1. Criminal Law § 25— voluntariness of nolo contendere plea — defendant’s expectation of suspended sentence

Defendant’s contention that he entered a plea of nolo contendere with the expectation of receiving a suspended sentence and that the trial court erred in accepting the plea and imposing a five-year prison sentence on him, is held without merit, where the record discloses (1) that the trial court explicitly told the defendant that a nolo contendere plea would not benefit him and (2) that the defendant clearly understood the possible consequences of such plea.

2. Criminal Law § 25— voluntariness of nolo contendere plea — applicable standards

The rules which apply to the voluntariness of guilty pleas also apply to the voluntariness of nolo contendere pleas.

Appeal from Cowper, Superior Court Judge, 5 June 1970 Session of New Hanover Superior Court.

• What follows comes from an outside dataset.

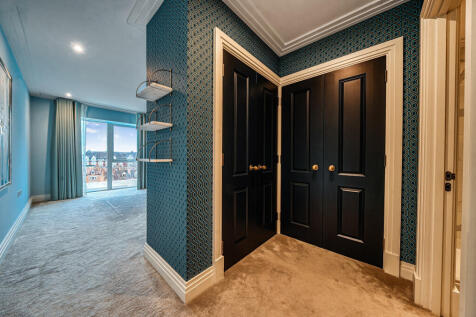 1371703-20-68fa52...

Defendant was charged with five counts of possession and sale of narcotic drugs. Drugs involved included heroin, LSD and cannibis resin in excess of 1/10 of a gram. Five true bills of indictment were returned against the defendant by the New Hanover County Grand Jury on 27 April 1970. All five cases were consolidated for trial on 26 May 1970, and defendant, through his court-appointed counsel, pled nolo contendere to five counts of possession of narcotic drugs. Defendant was sentenced *158to a total of five years in the North Carolina State Prison. Defendant appealed, and counsel was appointed by the court to perfect this appeal.

Attorney General Morgan by Staff Attorneys Ricks and Satisky for the State.

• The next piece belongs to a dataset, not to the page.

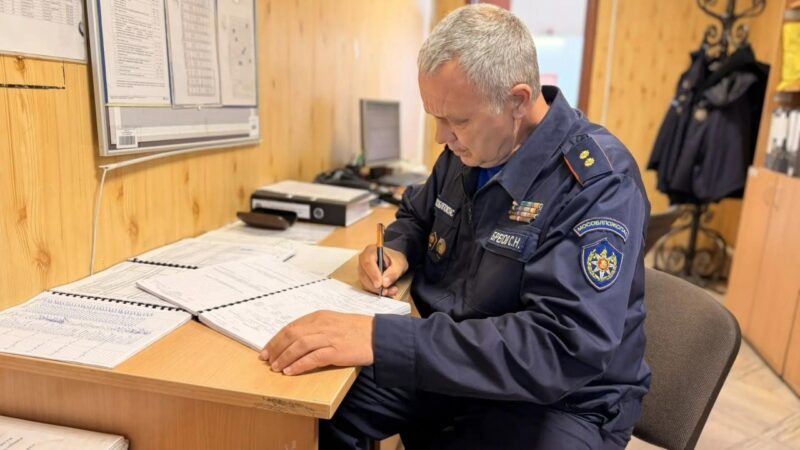 Александр Горбылёв представил героя местной пожарно-спасательной части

Carlton S. Prickett, Jr., for defendant appellant.

MORRIS, Judge.

[1] The defendant’s only assignment of error is that the court erred in accepting the defendant’s plea of nolo contendere when the defendant submitted the plea with the expectation of receiving a suspended sentence or some expectation of being helped by the plea.

[The record discloses that when the defendant was being questioned by the court in regard to his plea of nolo contendere, in response to the court’s question “Has the solicitor, or your lawyer, or any policeman, law officer or anyone else made any promise or threat to you to influence you to plead Nolo Con-tendere?”, the following transpired:

“Dependant: Uh—
Mr. Prickett: May I approach the bench?
Court: Yes, sir.
COURT: As I understand, you say that Agent Christian indicated to you that you could be helped by a plea?
Dependant: Yes, sir.
Court: You understand that is not true?
Dependant : (No Answer)
Court: I am telling you that it is not?
Dependant: Yes, sir.
Court: All right.
Court : Do you still want to enter your plea of nolo contender el
Dependant: Yes, sir.
*159Court: Has anyone violated your constitutional rights?
Dependant: No, sir.
Court: Do you freely, understandingly and voluntarily authorize and instruct your lawyer to enter on your behalf a plea of nolo contendere?
Dependant: Yes, sir.
Court: Do you have any questions or any statement to make about what I have just said to you?
. Dependant: No, sir.”

The record further discloses that defendant, in writing, answered all the questions asked orally and signed the “transcript of plea” certifying to the truth of his answers. The court thereupon entered its adjudication that the defendant’s plea was freely, understandingly, and voluntarily made.

“ [A] plea of nolo contendere to a warrant or an indictment, good in form and substance, when accepted by the Court, becomes an implied confession of guilt, and for the purposes of that case only is equivalent to a plea of guilty.” State v. Barbour, 243 N.C. 265, 90 S.E. 2d 388 (1955).
“A plea of nolo contendere, although not strictly a confession of guilt, nevertheless will support the same punishment as a plea of guilty. The rule of strict construction in favor of an accused, therefore, requires that a plea of nolo con-tendere be treated as a plea of guilty in so far as the right to be examined by the judge and to be informed as to the consequences of such plea.” State v. Payne, 263 N.C. 77, 138 S.E. 2d 765 (1964).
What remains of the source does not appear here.